▶ _EXERCISE INSTRUCTIONS_: Images are to be excluded, and the rest of the data repeated exactly.

▶ _SUPPLIED DATA_:
■ ■ ■ ■

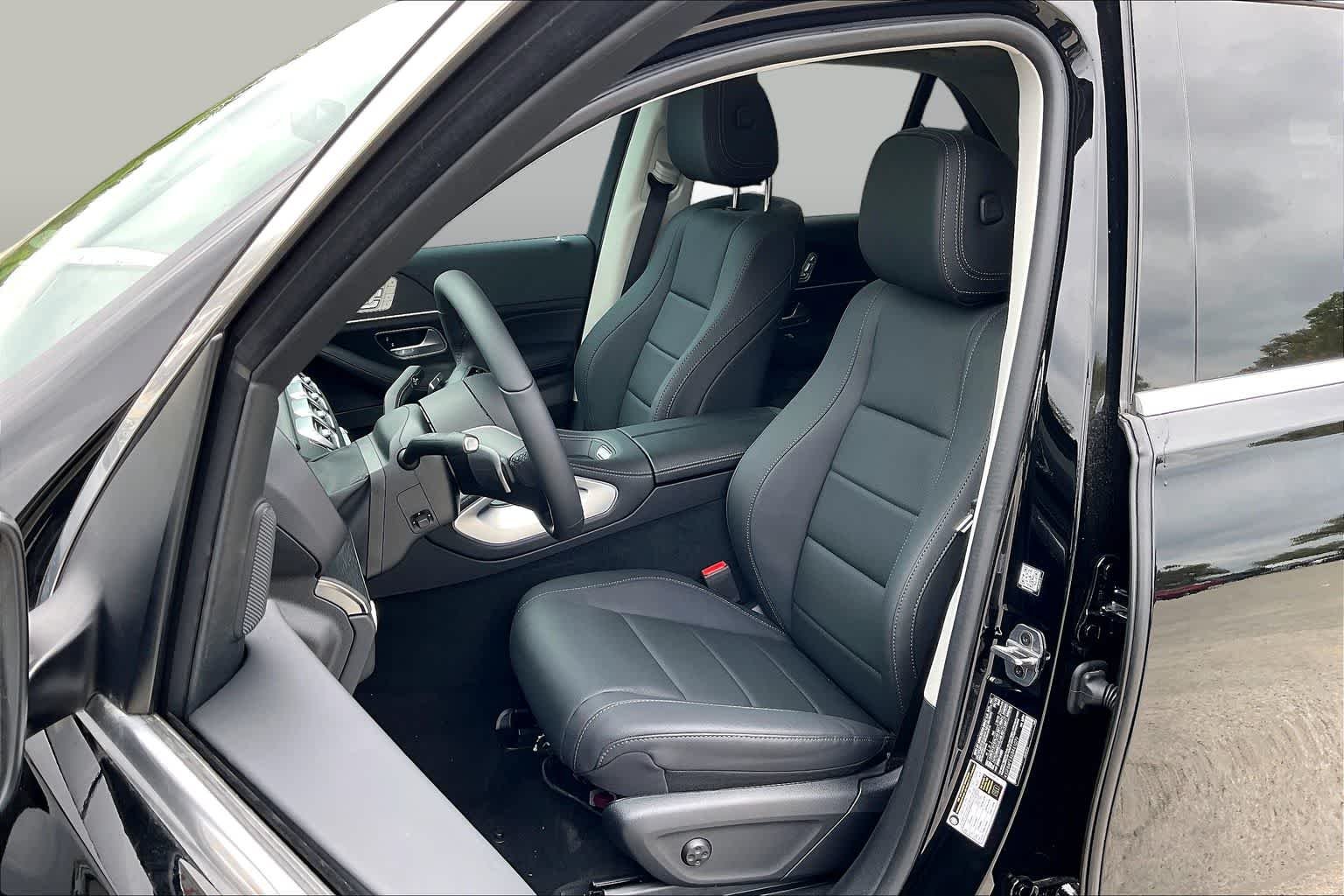 2025 Mercedes-Benz GLE GLE350 - Photo 13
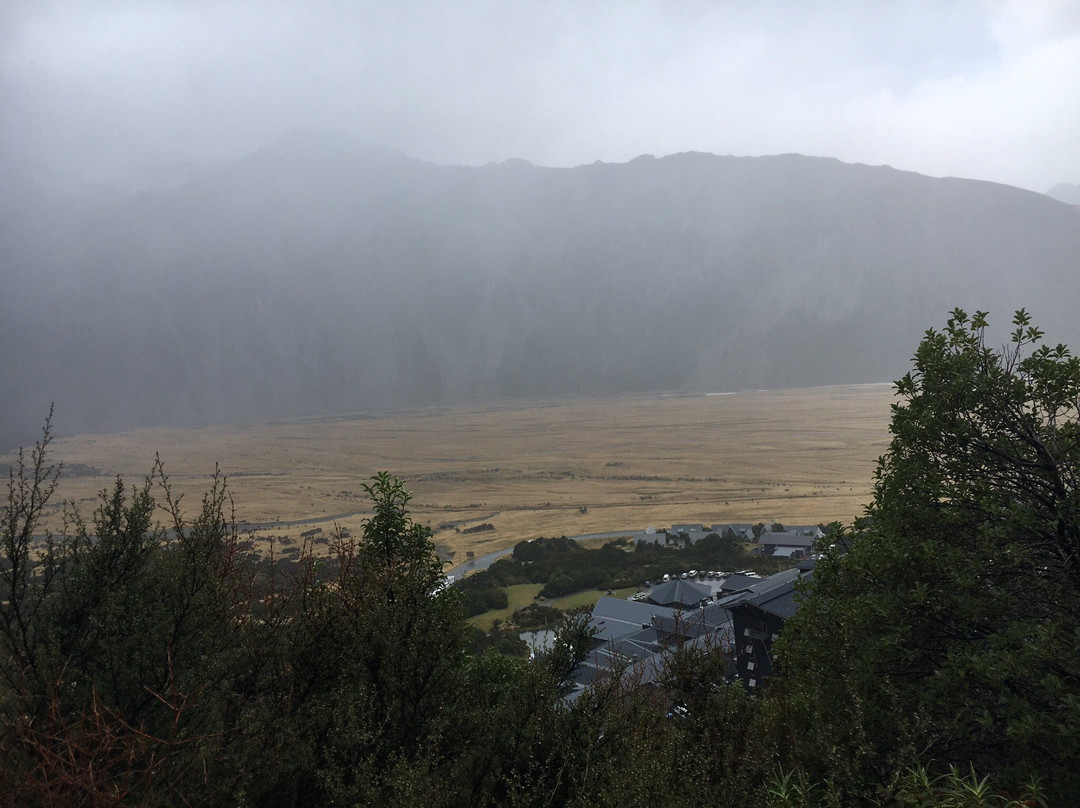 Glencoe Walk-库克山国家公园必去景点
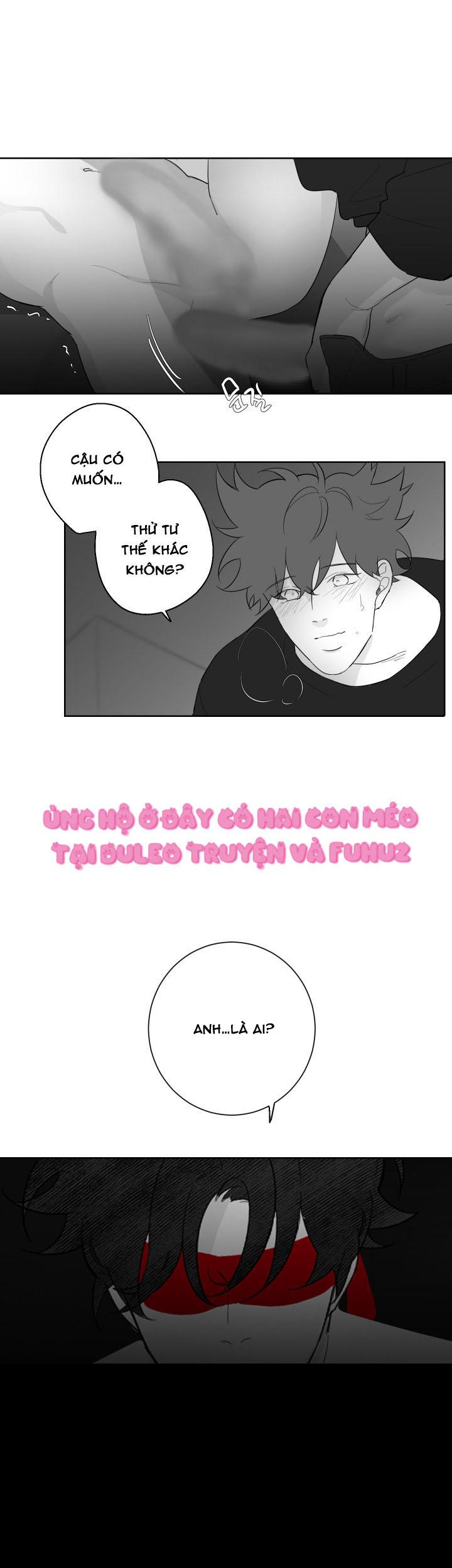 Vùng Đỏ - Chap 55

■ ■ ■ ■

▶ _RESPONSE_:
 2025 Mercedes-Benz GLE GLE350 - Photo 13
 Glencoe Walk-库克山国家公园必去景点
 Vùng Đỏ - Chap 55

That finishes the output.